Information shown
----

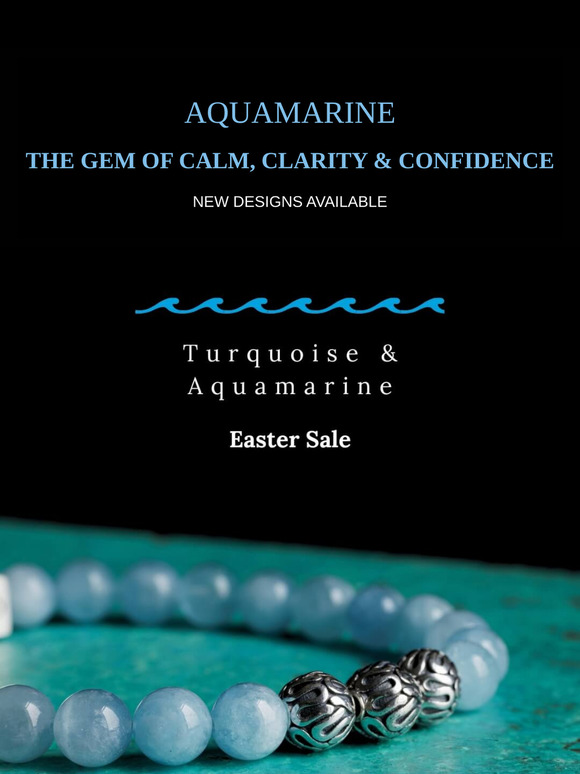 New Aquamarine & Turquoise just dropped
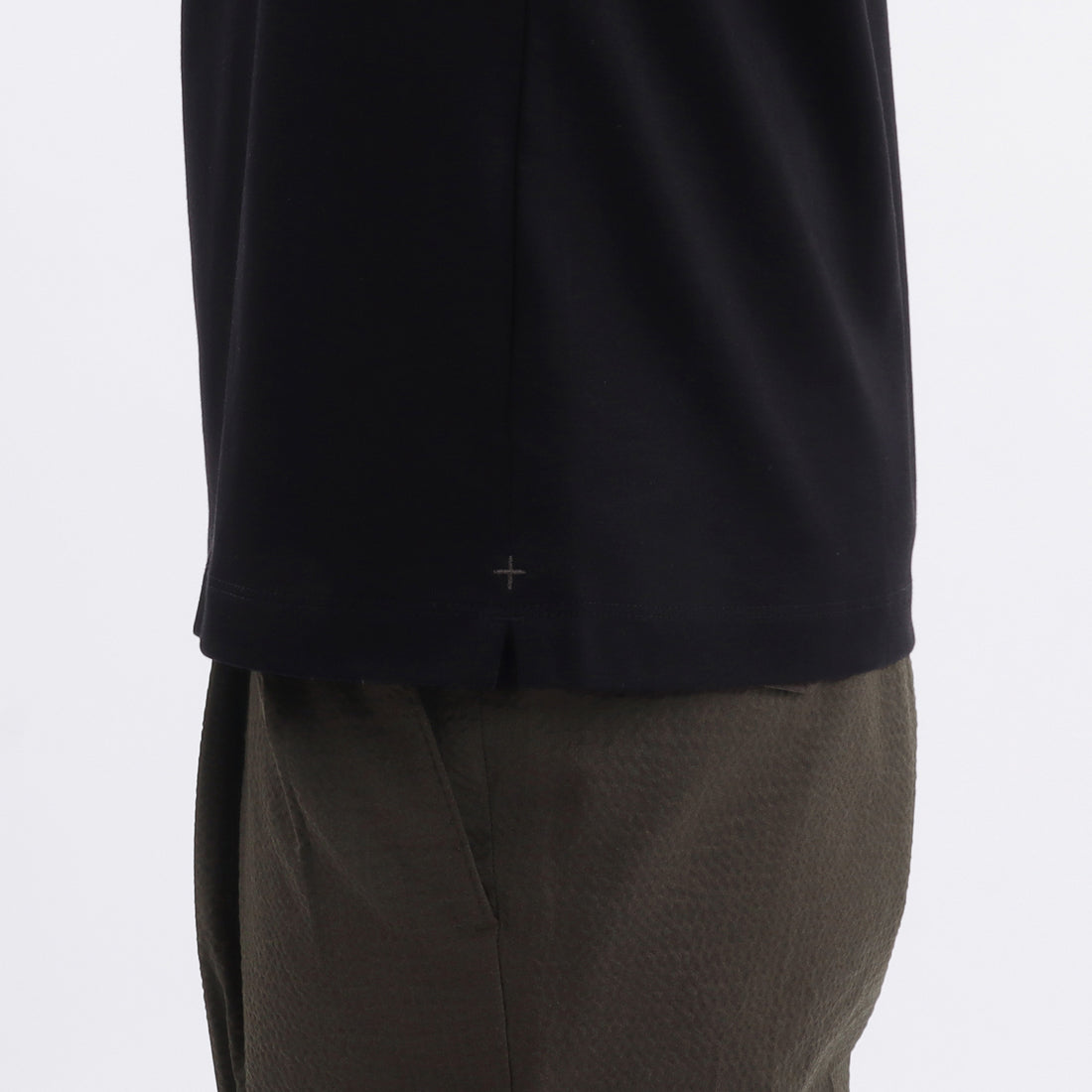 【THE LIMITED EDITION】 Lyocell&Cotton Tailored T-shirt Color: Black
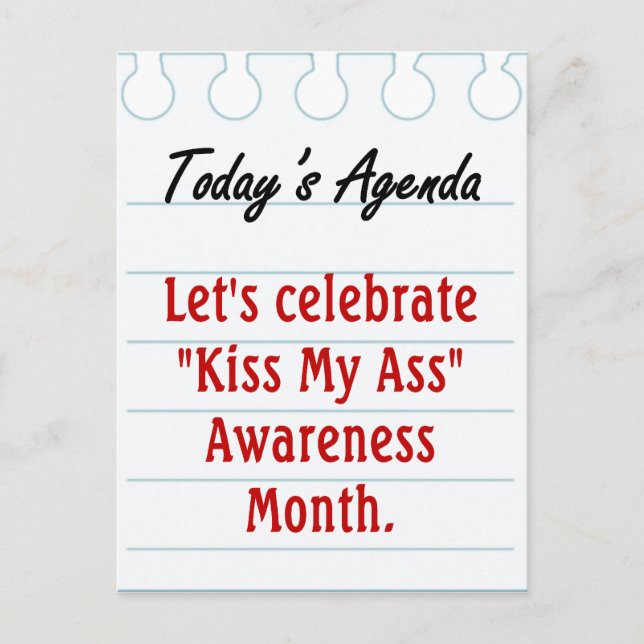 Cartão Postal Há algo que você deve estar ciente (2) (Frente)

----

Task to complete
Would you set down every line of the data above exactly, skipping the pictures?

Response below
 New Aquamarine & Turquoise just dropped
 【THE LIMITED EDITION】 Lyocell&Cotton Tailored T-shirt Color: Black
 Cartão Postal Há algo que você deve estar ciente (2) (Frente)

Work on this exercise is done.